#  > Dating >  > Man zoekt Vrouw >  Bekeerde nederlandse moslima, zoekt praktiserende broeder voor huwelijk inshaAllah

## Aichamelissa

Salaam aleikum, ik ben een bekeerde nederlandse moslima, ik ben 27 jaar en zoek contact, met een serieuse praktiserende broeder, die net zo als mij toe is aan het huwelijk, ik zelf ben nederlandse dus het is moeilijk om een broeder of laat ik het zo zeggen een serieuse praktiserende broeder te vinden, die serieus is en net zo als mij wilt trouwen, vandaar dat ik het op deze manier probeer, nu hopen dat dit bericht goed aan komt want verstand van deze site heb ik niet , mohiem ik hoor graag een reactie wa aleikum salaam

----------


## zackaria1988

salam zuster,

Ik ben op zoek naar een vrouw die de volgende stap in haar leven wil zetten. Ik ben een praktiserende moslim. Ik ben 23 jaar. De reden dat ik een meisje zoek via dergelijke site, is dat er al een kleine beetje info staat over hoe je verder wil met je leven.Heb je toevallig een msn of iets dergelijks, zou graag je beter willen leren kennen.

----------


## hamza12345

sallaam ik wil heel graag in kontakt komen met u

----------


## Siwaak_Takje

Subhaan'Allaah.. Haha, ik denk dat ik ook maar eens een advertentie ga plaatsen..

----------


## mohamed mohamed

ik ben 32 jaar ,ik ben marokkaans,ik wil ook trouwen met moslima

----------


## Vlaamse

> Subhaan'Allaah.. Haha, ik denk dat ik ook maar eens een advertentie ga plaatsen..


 :haha: 
Ik zal er ook maar werk van maken denk ik.

----------


## Siwaak_Takje

Maar eerst zien of Aichamelissa echt aan een man geraakt en trouwt, dan zal ik mijn kans wagen,  :hihi:

----------


## Vlaamse

:gniffel:

----------


## Siwaak_Takje

Haha, je ziet groen van jaloezie.. Vertel eens..  :hihi:

----------


## Vlaamse

> Haha, je ziet groen van jaloezie.. Vertel eens..

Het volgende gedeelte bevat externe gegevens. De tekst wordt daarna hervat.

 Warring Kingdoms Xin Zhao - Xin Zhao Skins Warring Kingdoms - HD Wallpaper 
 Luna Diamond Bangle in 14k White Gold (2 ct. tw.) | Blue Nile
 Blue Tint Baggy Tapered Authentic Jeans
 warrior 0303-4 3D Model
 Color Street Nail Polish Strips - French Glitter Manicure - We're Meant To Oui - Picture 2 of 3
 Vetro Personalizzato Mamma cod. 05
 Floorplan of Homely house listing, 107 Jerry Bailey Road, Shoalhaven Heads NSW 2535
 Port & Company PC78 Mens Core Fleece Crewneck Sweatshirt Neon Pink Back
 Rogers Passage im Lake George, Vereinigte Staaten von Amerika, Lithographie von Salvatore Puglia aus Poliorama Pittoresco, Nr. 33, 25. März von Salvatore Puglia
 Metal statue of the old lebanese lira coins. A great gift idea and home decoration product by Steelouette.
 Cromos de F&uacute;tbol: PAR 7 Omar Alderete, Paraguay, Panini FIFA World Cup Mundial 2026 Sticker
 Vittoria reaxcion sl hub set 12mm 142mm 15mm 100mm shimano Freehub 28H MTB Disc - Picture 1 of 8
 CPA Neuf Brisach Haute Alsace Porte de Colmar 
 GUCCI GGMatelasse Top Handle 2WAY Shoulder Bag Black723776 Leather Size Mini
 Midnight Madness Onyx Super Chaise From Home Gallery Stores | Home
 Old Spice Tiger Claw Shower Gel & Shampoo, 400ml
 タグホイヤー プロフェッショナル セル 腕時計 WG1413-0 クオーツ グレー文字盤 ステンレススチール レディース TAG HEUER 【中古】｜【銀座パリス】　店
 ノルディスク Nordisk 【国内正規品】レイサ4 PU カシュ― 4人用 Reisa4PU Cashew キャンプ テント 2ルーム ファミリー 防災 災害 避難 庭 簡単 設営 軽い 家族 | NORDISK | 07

Haha, neen hoor! Ik gun het de zuster van harte! Jou trouwens ook!  :stout:

----------


## Siwaak_Takje

Wat ben jij?

----------


## Vlaamse

Hoezo wat ben ik? :s

----------


## Siwaak_Takje

I mean, man of vrouw?

----------


## Vlaamse

Vlaamse = vrouwelijk

----------


## Siwaak_Takje

Inderdaad. Al twee weken geen school en ik merk het aan mijn taalgevoel.

----------


## Vlaamse

Het is ook al laat : )

----------


## Siwaak_Takje

Kan ook daar aan liggen..

----------


## hassan233

Assalaam alaikom,

Hoi zuster ik ben 29 jaar en zit in een scheiding ben een kleine 6 maanden getrouwd geweest.
Ik ben woonachtig in Amsterdam! En zou graag veder met me leven willen gaan! Bij serieuze intresse kan ik in kontakt komen met je Mahram!

----------


## mrnikss

ik heb intresse

----------


## sam111

> Salaam aleikum, ik ben een bekeerde nederlandse moslima, ik ben 27 jaar en zoek contact, met een serieuse praktiserende broeder, die net zo als mij toe is aan het huwelijk, ik zelf ben nederlandse dus het is moeilijk om een broeder of laat ik het zo zeggen een serieuse praktiserende broeder te vinden, die serieus is en net zo als mij wilt trouwen, vandaar dat ik het op deze manier probeer, nu hopen dat dit bericht goed aan komt want verstand van deze site heb ik niet , mohiem ik hoor graag een reactie wa aleikum salaam


graag zou ik met uw in contact willen kommen om dat,ik ben serious bezig met het zoeken naar een goede partner

----------


## ridouan1

ik ben ridouan,en ik ben 27,ik zou u graag beter willen leren kennen.

gr ridouan

----------


## Mika'il

Ben u getrouwd

----------


## Mika'il

Waarschijnlijk

----------